Welcome to My (And Not Sly's) House
Ultra Clash 1993
Date: September 18, 1993
Location: ECW Arena, Philadelphia, Pennsylvania
Attendance: 1,131
Commentator: Joey Styles

This show is getting reviewed for one reason: it’s the first show Paul Heyman booked for ECW. This right here is where the insanity began as Heyman brings in all kinds of new stuff, setting up for about a year later when Shane throws the belt down and the real ECW begins. This is still Eastern Championship Wrestling at this point and isn’t very interesting or noticeable. Things began to change after tonight. Let’s get to it.

We open with an ad for the ECW Training Academy at a price of 3,000 dollars.

The ECW Theme Song plays as we see Heyman is already a character. He had been with the company for awhile and had booked a bit before in smaller companies as Eddie Gilbert’s assistant.
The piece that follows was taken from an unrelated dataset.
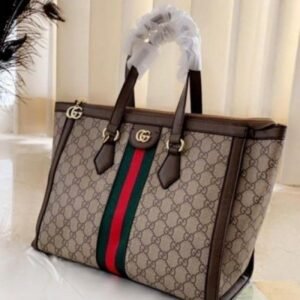 Gucci Ophidia GG Medium Tote Bag..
Tod Gordon, the owner of ECW, and Eddie had gotten into a fight about a week before this show so Tod brought in Heyman and said do whatever you want and the rest is history.

Public Enemy vs. Jason Knight/Ian Rotten

Jason is more famous as the guy in the Impact Players that never actually did anything but stood around posing and got paid for it. It’s a brawl to start as we hear about how the Public Enemy is brand new. This is their debut for the company but they had worked dark matches for WWF a few times before this. It’s pure domination so far and Jason is busted open.

I think we officially start with Grunge and Jason as Ian is down on the floor. Rock hits a moonsault but doesn’t cover. Oh they’re one of those kinds of teams. There are even DQs at this time so you can tell things are weird here. Rotten dodges a few things but never actually gets any offense in. Rock ends it with what we would call a bad Swanton Bomb but it really was just a front flip splash.

Rating: N/A. Total and complete squash here as no one got a shot on the Public Enemy all night. This went nowhere at all but as a debut show this was pretty solid as they looked completely dominant. They were eventually one of the most famous teams in company history ranking probably second behind the Dudleys. Total squash.

Pennsylvania State Championship: Tommy Cairo vs. Tony Stetson

This is a rematch from when Stetson stole the title from the soon to be gone Cairo. This and the Maryland State Title didn’t last long at all. The belt is damn huge. Stetson jumps him to start which doesn’t last long. It’s pretty even so far but we’re only about a minute in. Stetson stalls to play his heel role even better. After a test of strength we stall some more.

Now we hit a chinlock to keep the fun stuff coming. This feels like a boring match from an indy company which is a bad thing if there ever was one. I mean seriously, the Pennsylvania State Championship? More stalling allows Stetson to take over as Joey points out how basic this is and how Stetson does little but punch and kick. Stetson’s manager distracts the referee so a belt shot can end it. WOW that was bland.

Rating: F+. Can we move on to something else now? This went absolutely nowhere and clearly wasn’t part of what Heyman was going to change things to. The title was gone in like three months and never mentioned again, which I think is the best thing they could have done with it.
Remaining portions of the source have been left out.